- What is expected -
Note on the material below: return exactly the lines from the line that holds "So, both very" through the line that holds "The main use", and leave out each picture.

- Records for the task -
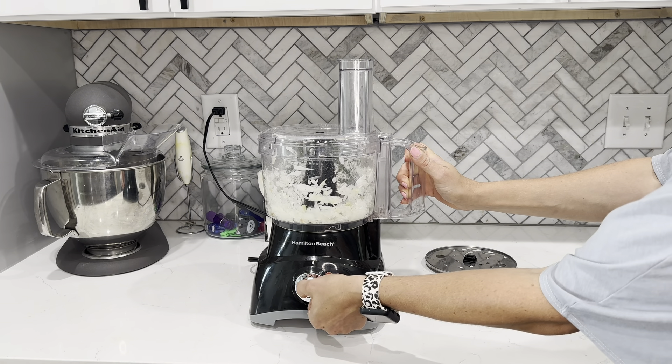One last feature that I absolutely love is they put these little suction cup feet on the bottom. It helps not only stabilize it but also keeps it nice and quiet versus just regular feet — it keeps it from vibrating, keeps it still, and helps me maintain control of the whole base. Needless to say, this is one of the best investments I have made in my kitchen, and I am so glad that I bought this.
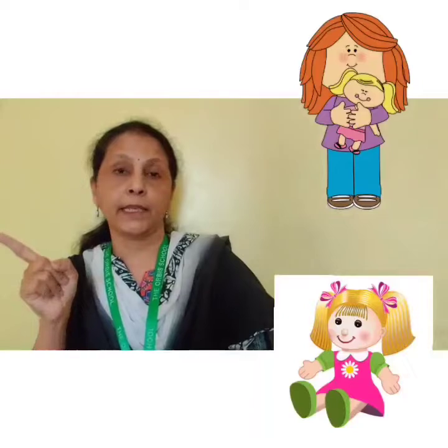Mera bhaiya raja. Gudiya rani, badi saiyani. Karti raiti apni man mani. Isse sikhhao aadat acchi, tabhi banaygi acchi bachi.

--

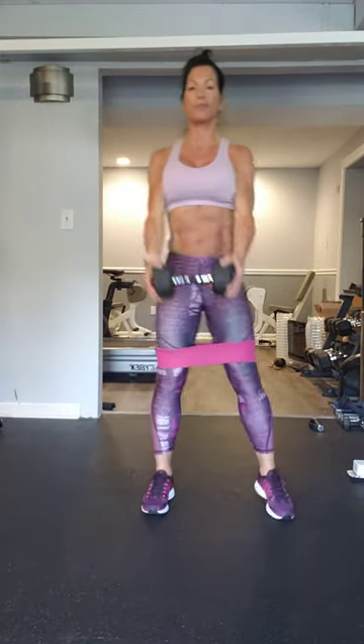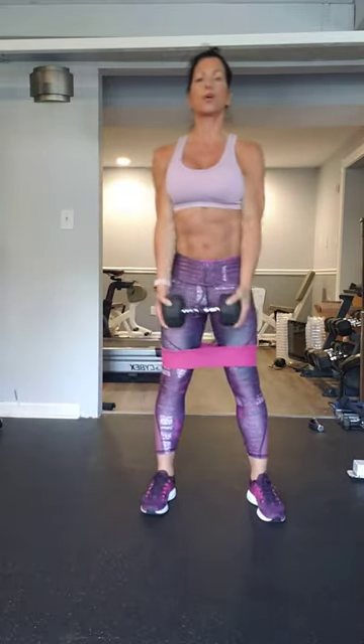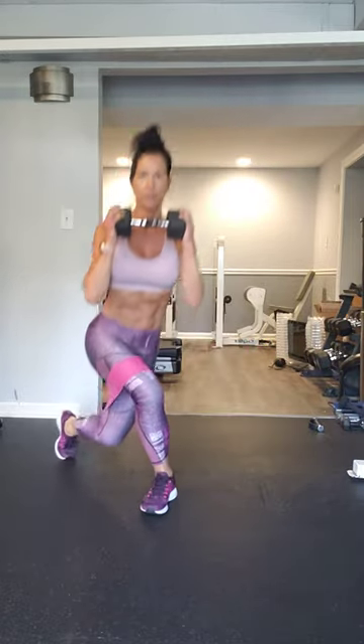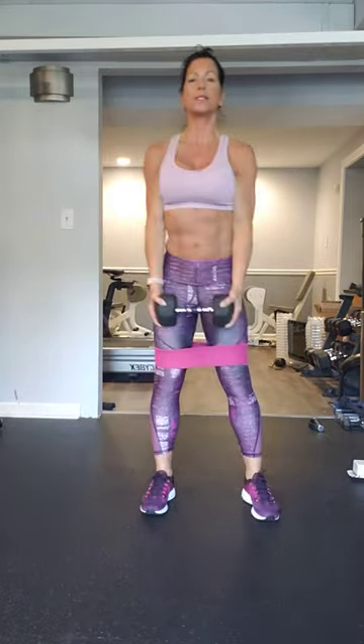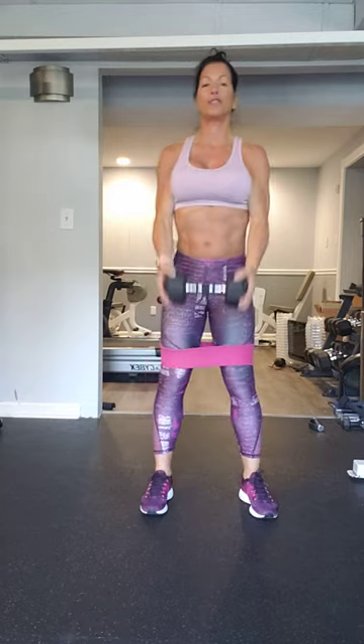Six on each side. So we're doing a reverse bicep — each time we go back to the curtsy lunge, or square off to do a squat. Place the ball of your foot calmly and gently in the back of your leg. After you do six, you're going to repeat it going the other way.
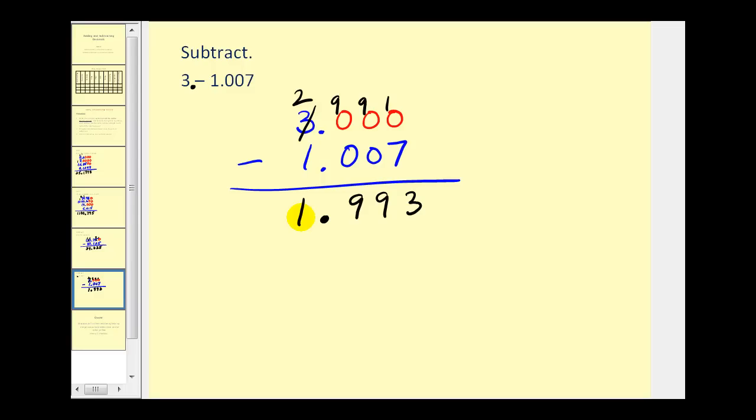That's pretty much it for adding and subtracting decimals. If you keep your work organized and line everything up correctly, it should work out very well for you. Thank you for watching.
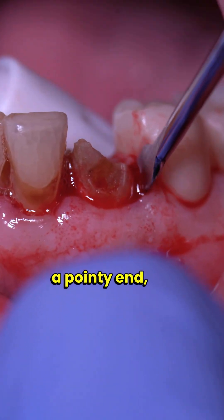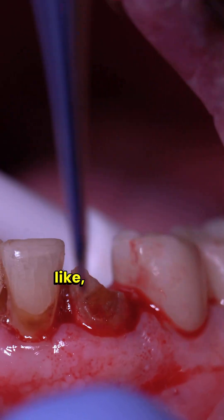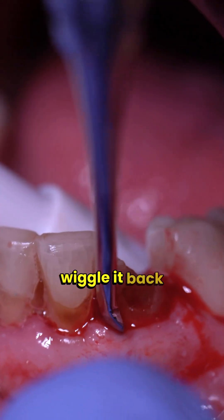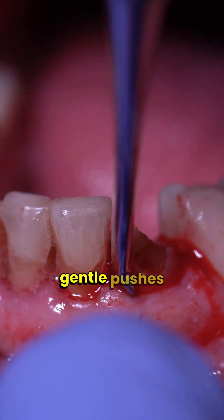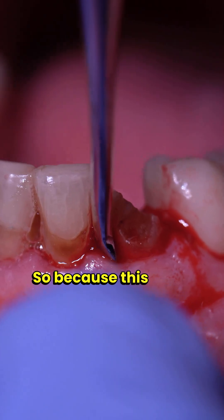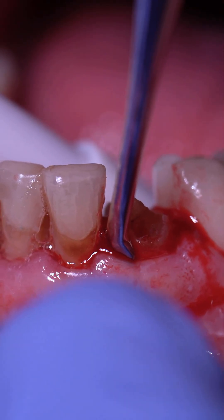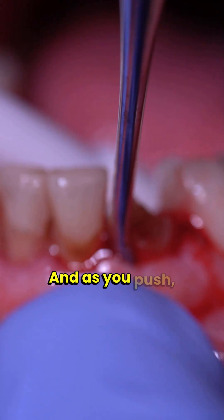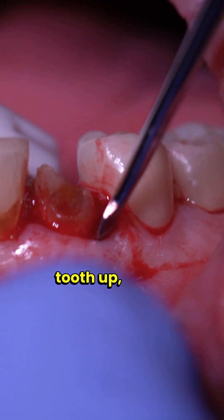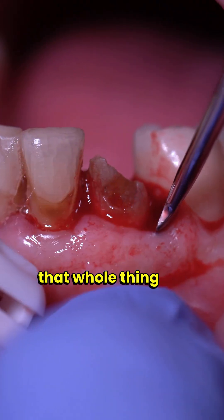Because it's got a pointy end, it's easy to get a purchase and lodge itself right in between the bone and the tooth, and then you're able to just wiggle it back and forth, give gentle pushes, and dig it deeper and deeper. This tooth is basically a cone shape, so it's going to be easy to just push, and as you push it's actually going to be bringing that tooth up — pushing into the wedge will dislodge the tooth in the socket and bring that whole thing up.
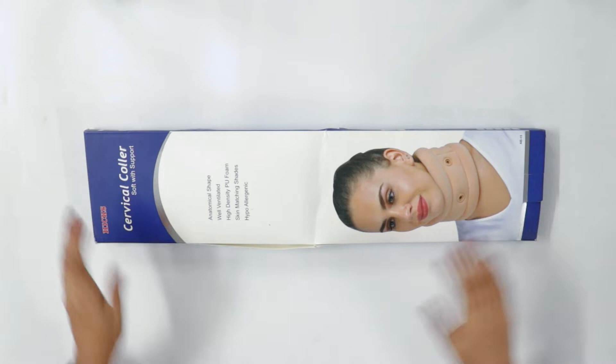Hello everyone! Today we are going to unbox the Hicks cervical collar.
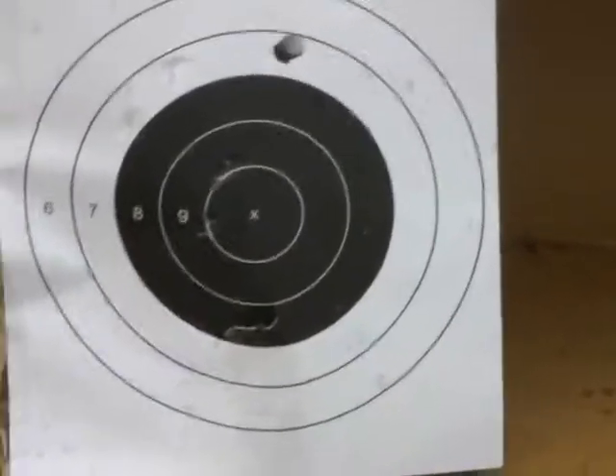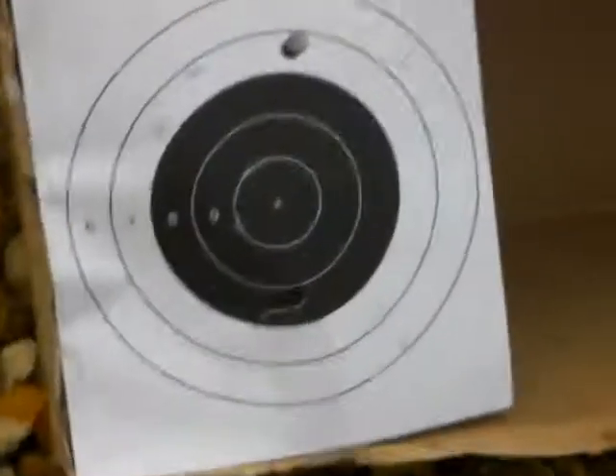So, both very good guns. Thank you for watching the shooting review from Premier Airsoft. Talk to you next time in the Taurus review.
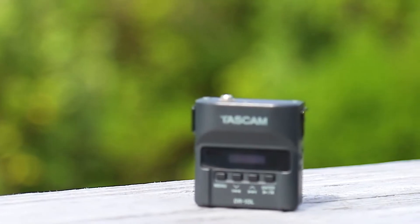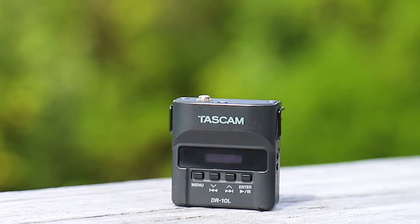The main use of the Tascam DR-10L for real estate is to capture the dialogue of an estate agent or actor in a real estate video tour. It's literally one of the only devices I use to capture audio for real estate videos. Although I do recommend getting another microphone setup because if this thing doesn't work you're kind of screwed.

* * *

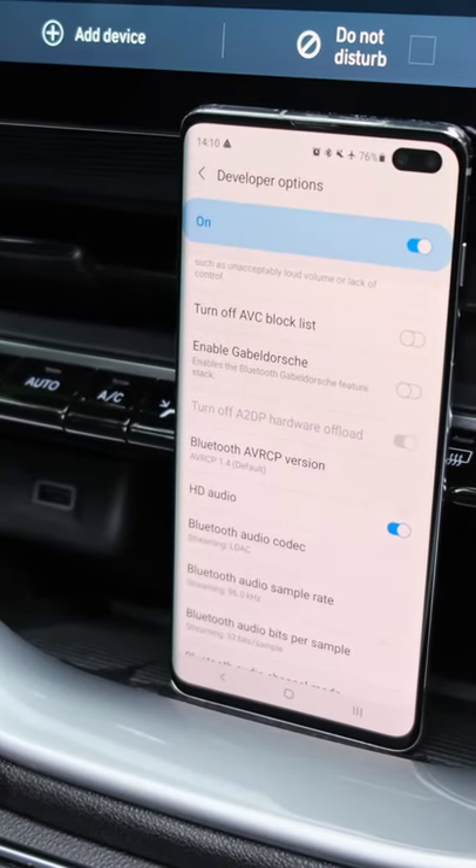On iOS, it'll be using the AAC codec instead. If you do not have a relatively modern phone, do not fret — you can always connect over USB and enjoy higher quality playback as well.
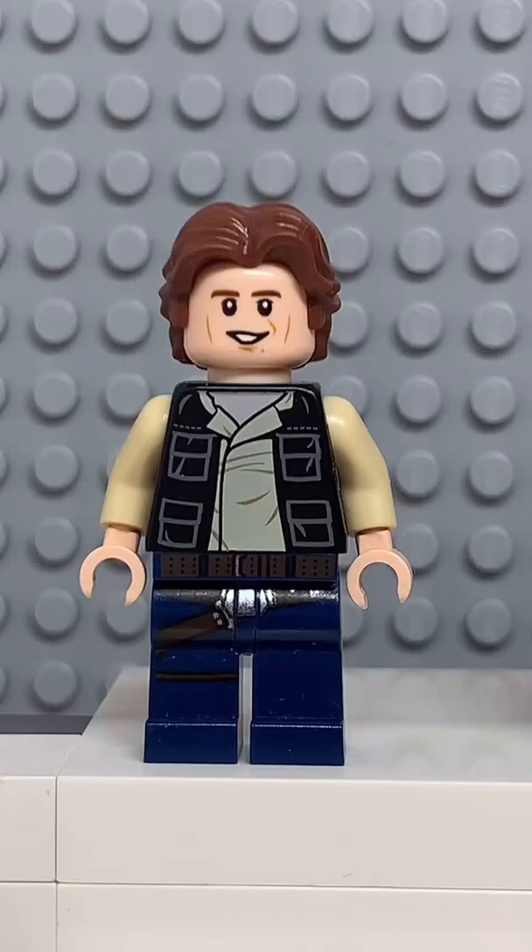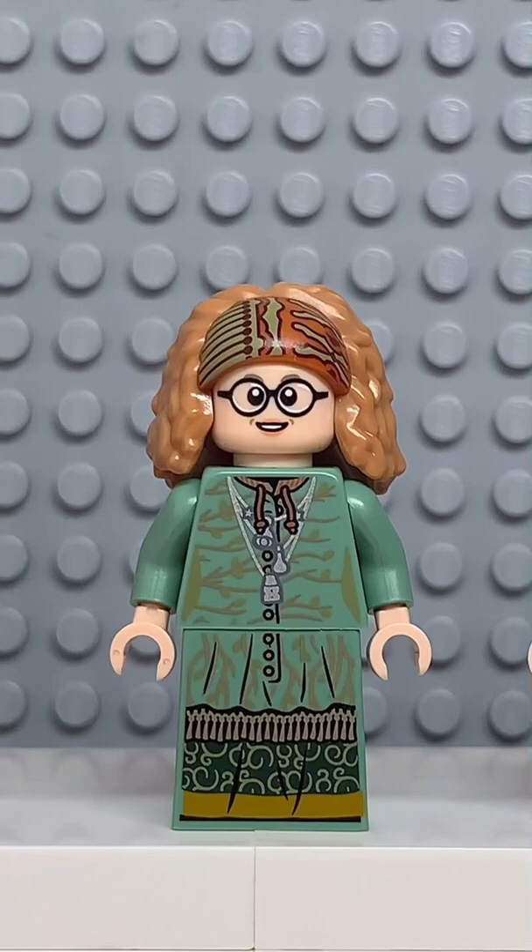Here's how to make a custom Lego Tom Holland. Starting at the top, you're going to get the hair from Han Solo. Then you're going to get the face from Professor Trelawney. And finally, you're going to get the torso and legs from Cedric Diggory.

- Output for this exercise -
So, both very good guns. Thank you for watching the shooting review from Premier Airsoft. Talk to you next time in the Taurus review.
The main use of the Tascam DR-10L for real estate is to capture the dialogue of an estate agent or actor in a real estate video tour. It's literally one of the only devices I use to capture audio for real estate videos. Although I do recommend getting another microphone setup because if this thing doesn't work you're kind of screwed.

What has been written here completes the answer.